In December 2015, the Liberty Counsel filed a lawsuit against the inclusion of sexual orientation and gender identity in the Fairfax County, Va., School District’s anti-discrimination policy. The suit was dismissed the following year, but the group has appealed.
Three months later, in February, Brevard County, Fla., killed a proposed non-discrimination and equal employment policy for LGBT people in the public schools. Liberty Counsel was involved in that battle, too. The group emailed a letter to the school board chairman prior to the vote that included warnings about “boys and men claiming a female ‘gender identity’ to enter and use the restrooms, locker rooms, and other areas previously affording privacy to girls and women.”

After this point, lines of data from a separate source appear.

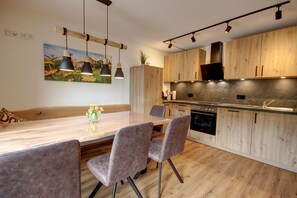 Eine moderne Küche mit Holzschränken, einer Marmorarbeitsplatte und Pendelleuchten.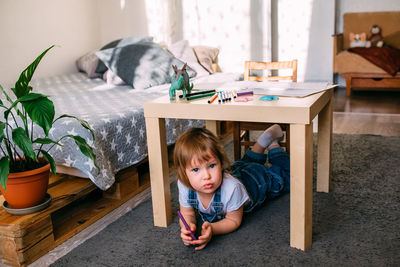 Little child playing hide and seek at home under the children's table.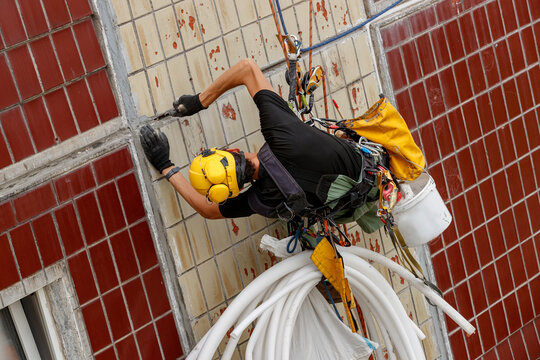 Industrial climber cleaning a seam on a tiled building facade at height.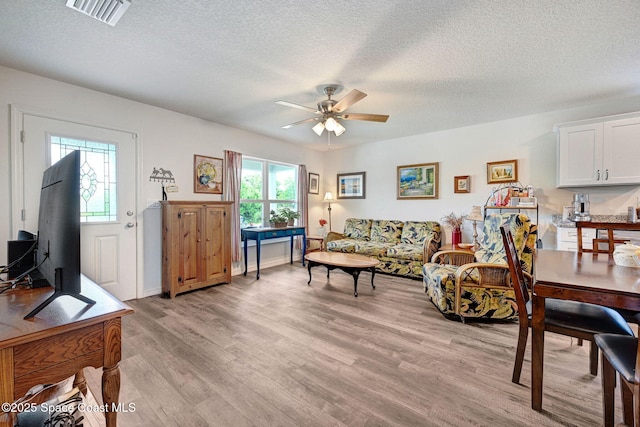 1689 Colorado St SE, Palm Bay, FL 32909 - living area featuring light wood-type flooring, a textured ceiling, and ceiling fan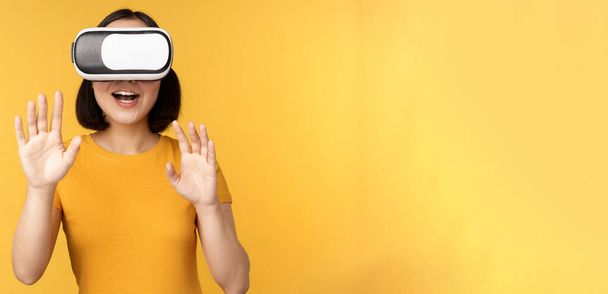 VRで遊んでいる若いアジア人女性,仮想現実のメガネを使用して,スタジオの背景に黄色のTシャツを着て - 写真・画像
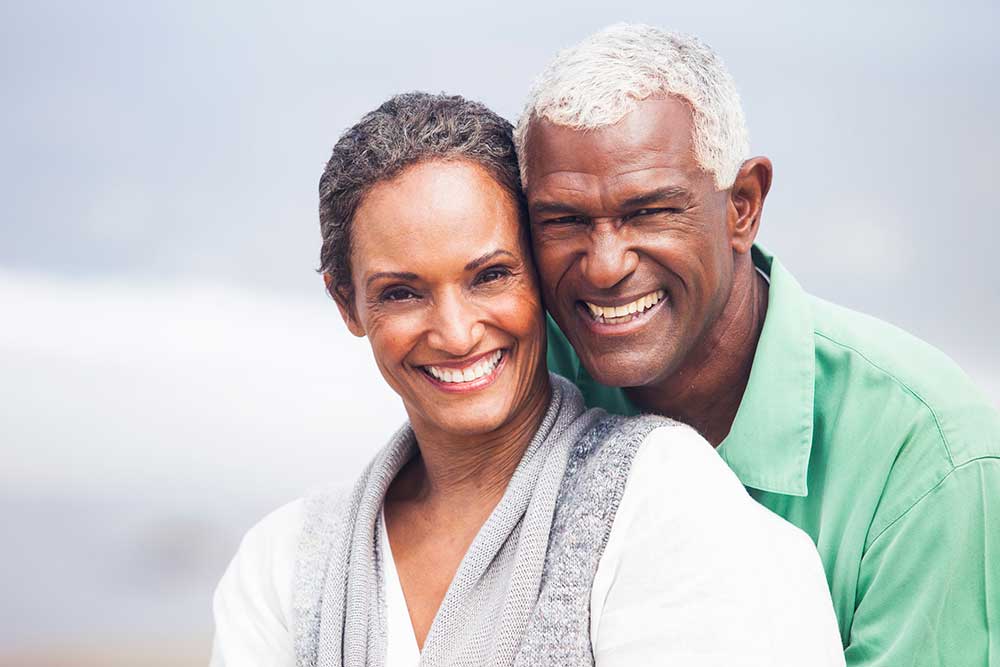 African American seniors smiling together after Cosmetic appointment at Fairbanks Periodontal Associates in Fairbanks, AK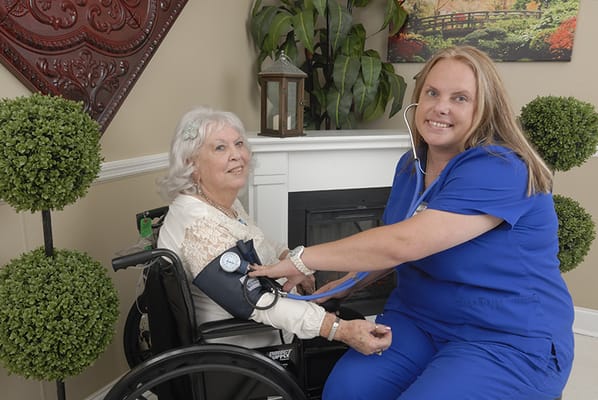 Nurse taking a resident's blood pressure in a warm setting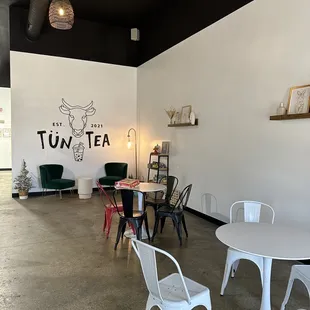 tables, chairs, and artwork on the wall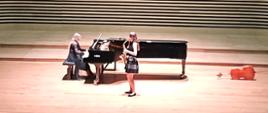 Nastolatka stojąc na estradzie sali koncertowej gra na saksofonie, za nią kobita gra na fortepianie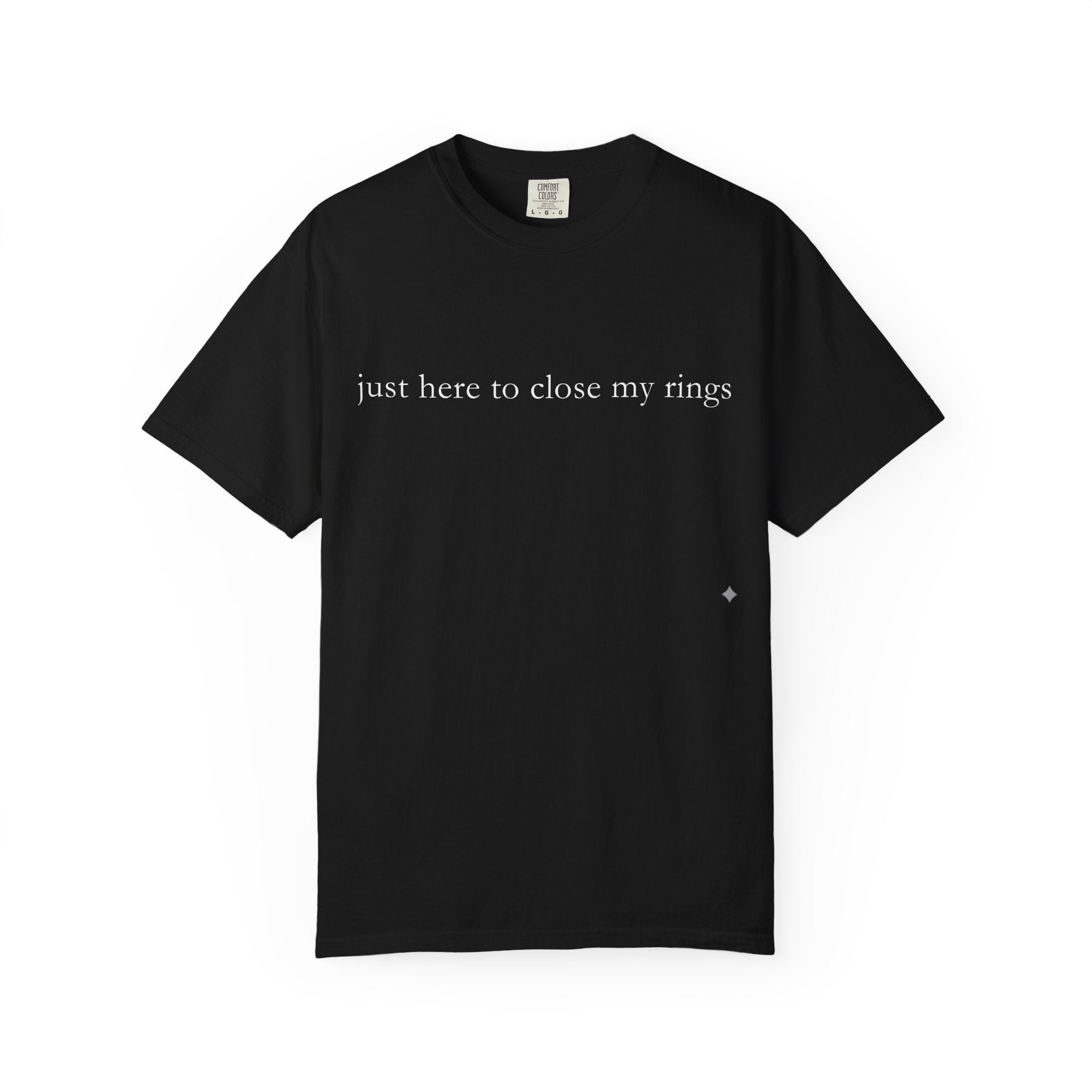Black t-shirt with text 'just here to close my rings' on a white background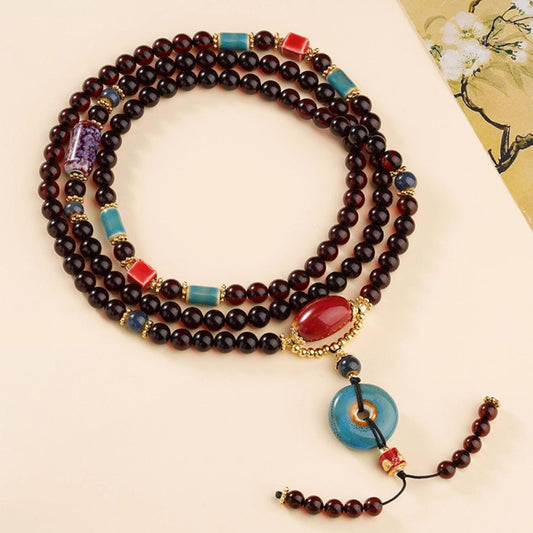 Handcrafted Tibetan Buddhist 108 beads blood amber and ceramic mala necklace for meditation and prayer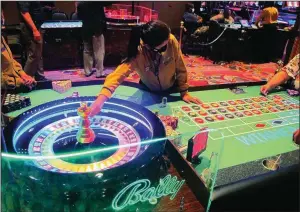  ?? (AP/Wayne Parry) ?? A dealer conducts a game of roulette at Bally’s casino in Atlantic City, N.J., in June.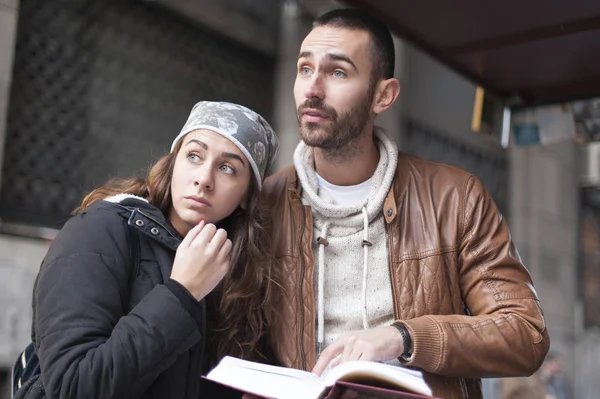 Homem confuso e uma menina com um livro guia da cidade — Fotografia de Stock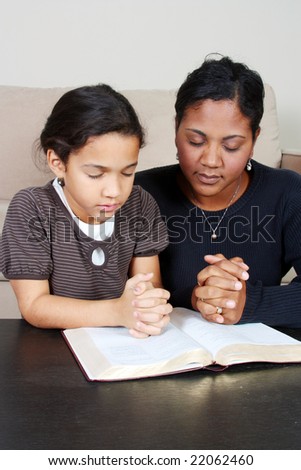 Minority woman and her daughter praying together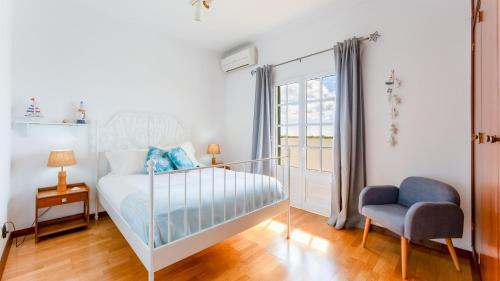 a bedroom with a bed and a chair and a window at Sunny & Calm 4 BDR House W/ Pool by Lovelystay in Santo Estêvão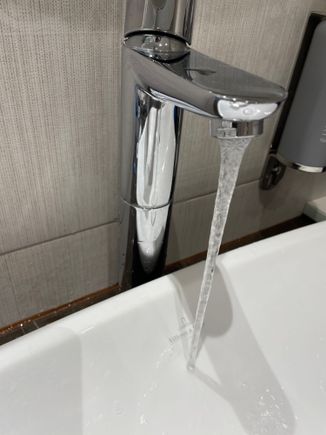 When washing your hands the water ends up splashing behind the sink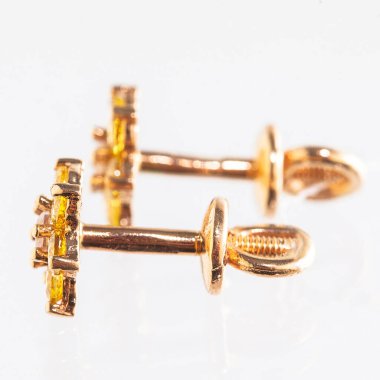 Beyaz arka planda izole edilmiş bir çift altın küpe.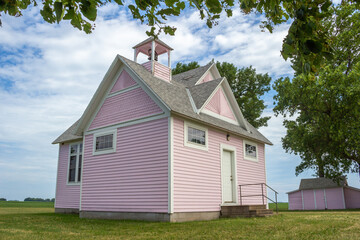 Close up view of an old pink country school house exterior with bell tower, built in the 1800’s in the midwestern USA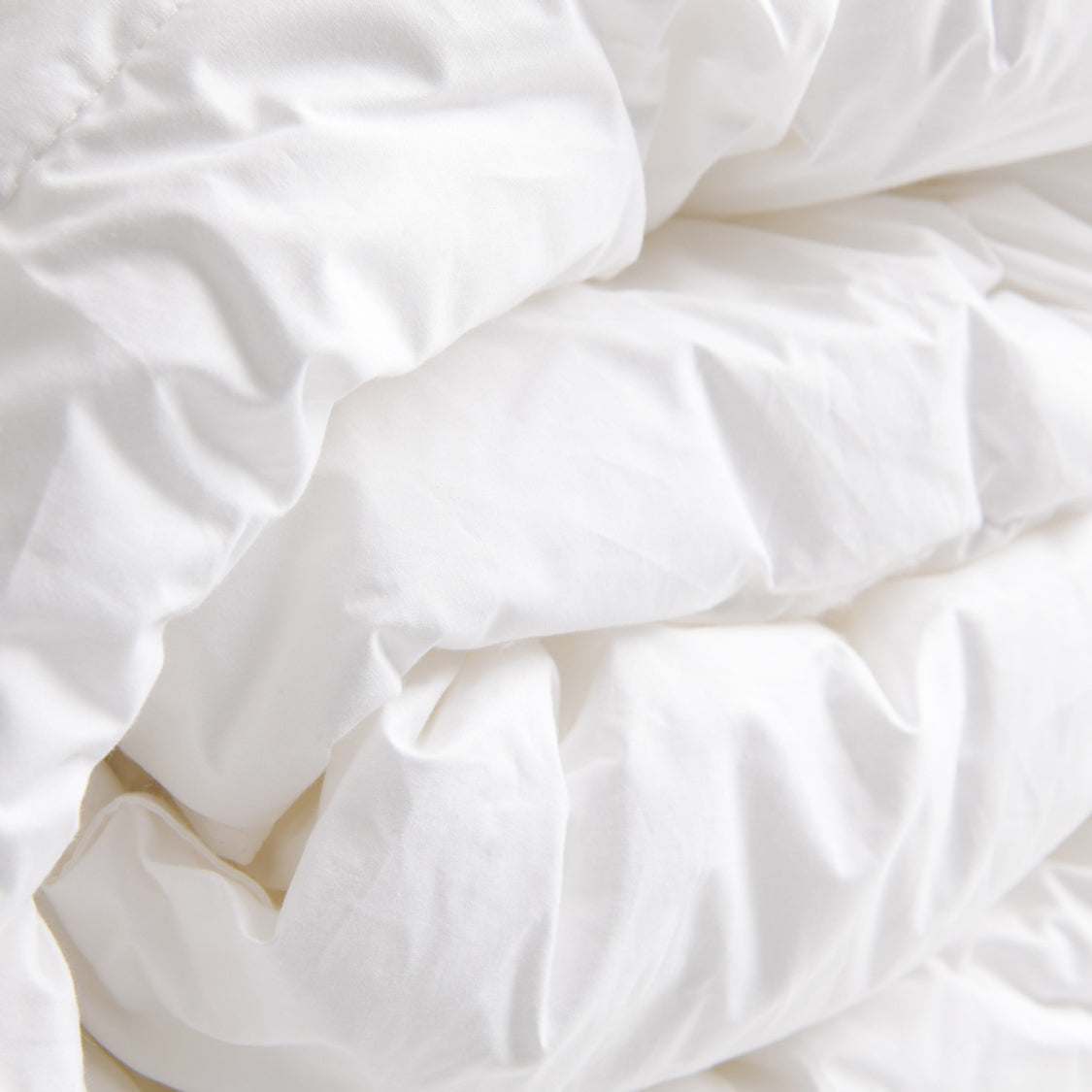 4-1 A folded beige duvet cover on a neutral background.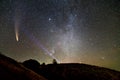 Small silhouette of a scientist with flashlight on his head pointing bright beam of light on starry sky with C/2020 F3 NEOWISE Royalty Free Stock Photo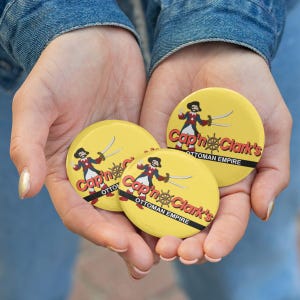 May include: Three round yellow pinback buttons featuring a cartoon pirate character holding two swords, a ship wheel graphic, and the red text Cap'n Clark's above the black text Ottoman Empire on a horizontal black stripe across the center.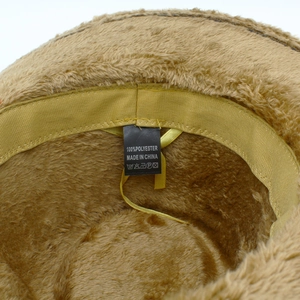 Brown fuzzy faux fur fedora hat featuring soft polyester lining and interior care label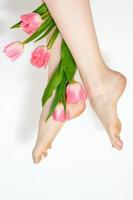 Woman's legs with tulips flowers photo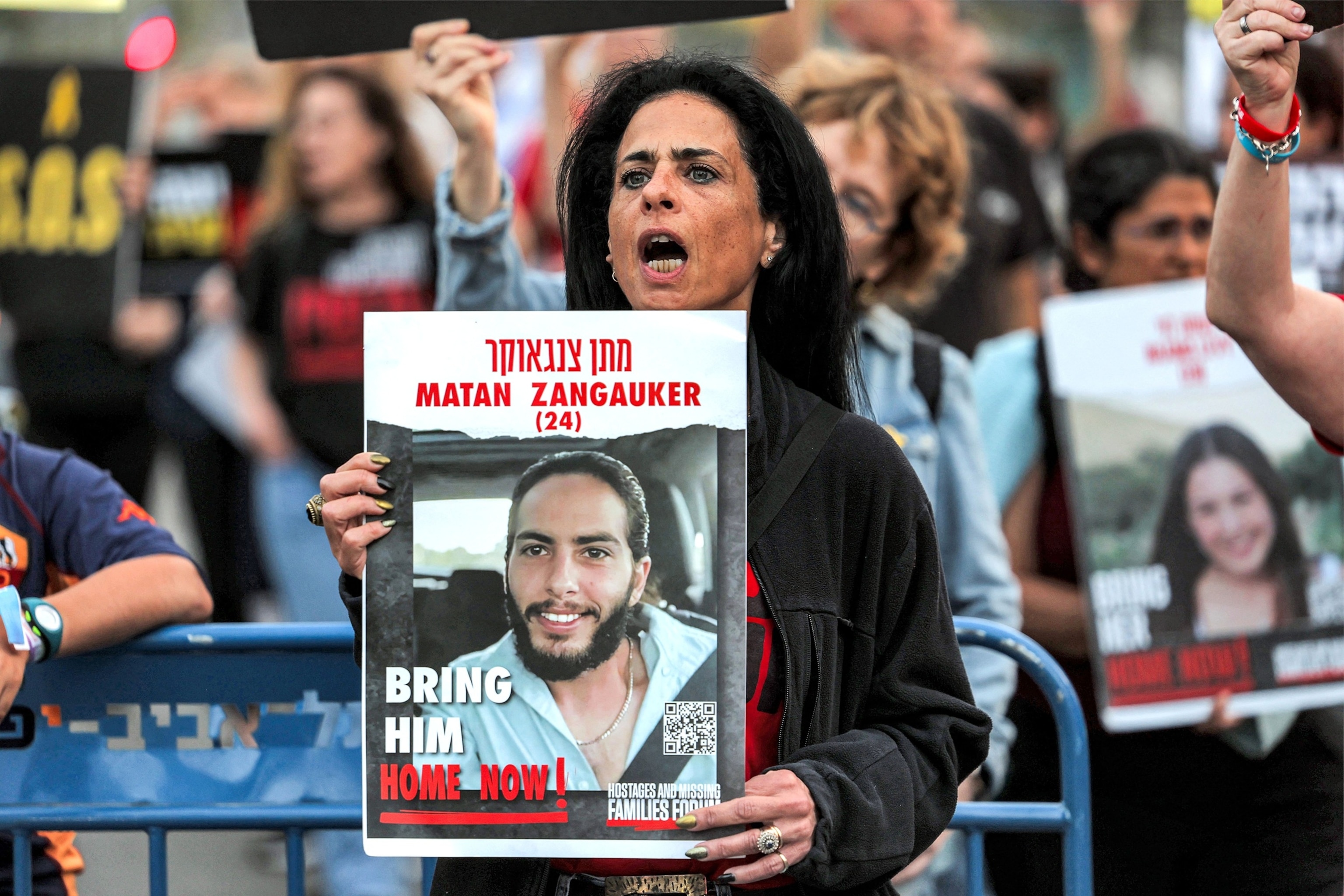 PHOTO: In this April 18, 2024, file photo, a woman holds a sign identifying Matan Zangauker (24) during a demonstration in Tel Aviv.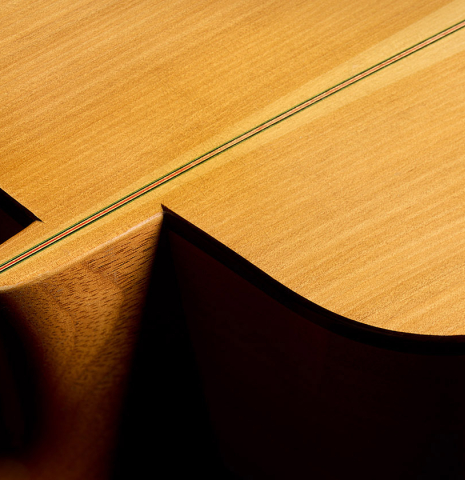 The heel, back binding and purfling of a 2012 Robert Desmond "cutaway w/electronics" classical guitar made of spruce and cypress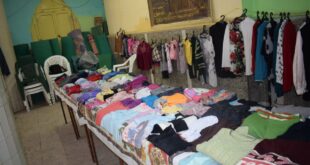 مؤسسة صوارى للتنمية تشارك الأهالى فرحتهم بالعيد بمعرض ملابس مجانى
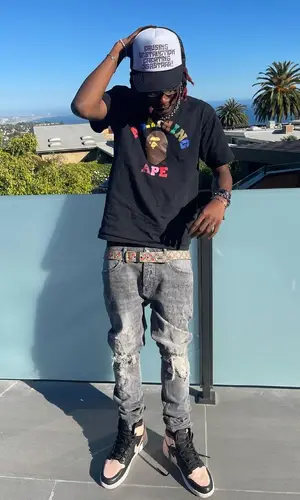 Dro Kenji wearing Gucci belt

With such a history of legal entanglements, North Carolina’s new law seems tailor-made to draw the Liberty Counsel’s interest.
The bill—introduced and passed in less than ten hours during a hastily convened special session of the state legislature—revokes and bans any LGBT protection measures in the state. It specifically targeted the city of Charlotte’s ordinance, just passed in February, which allowed transgender individuals to use public bathrooms in accordance with their gender identities.
The new measure was slated to go into effect April 1, but the state legislature convened the special session to prevent that. Senate Democrats walked out in protest, claiming they had not been allowed to participate in the bill’s process. “We witnessed an affront to democracy,” Sen. Dan Blue, D-Raleigh, the minority leader, said.
The new law overturns Charlotte’s ordinance and prevents any local governments from passing their own non-discrimination ordinances. It also mandates that students in the state’s schools use bathrooms corresponding to the gender listed on their birth certificates, playing on fears that male predators will pretend to be women or trans women and sneak into women’s restrooms or locker rooms to accost or molest women and girls.
The bill includes a few other provisions, including preventing any city in the state from enacting minimum wage bills higher, and it guts workplace discrimination protections overall, removing the right of employees to sue on the basis of discrimination in state courts. Employees now have to file federal lawsuits, which involve a different process often with shorter statutes of limitations and higher fees.
But the overwhelming issue remains the denial of access to public bathroom facilities for trans people and the removal of sexual orientation and gender identity from non-discrimination policies.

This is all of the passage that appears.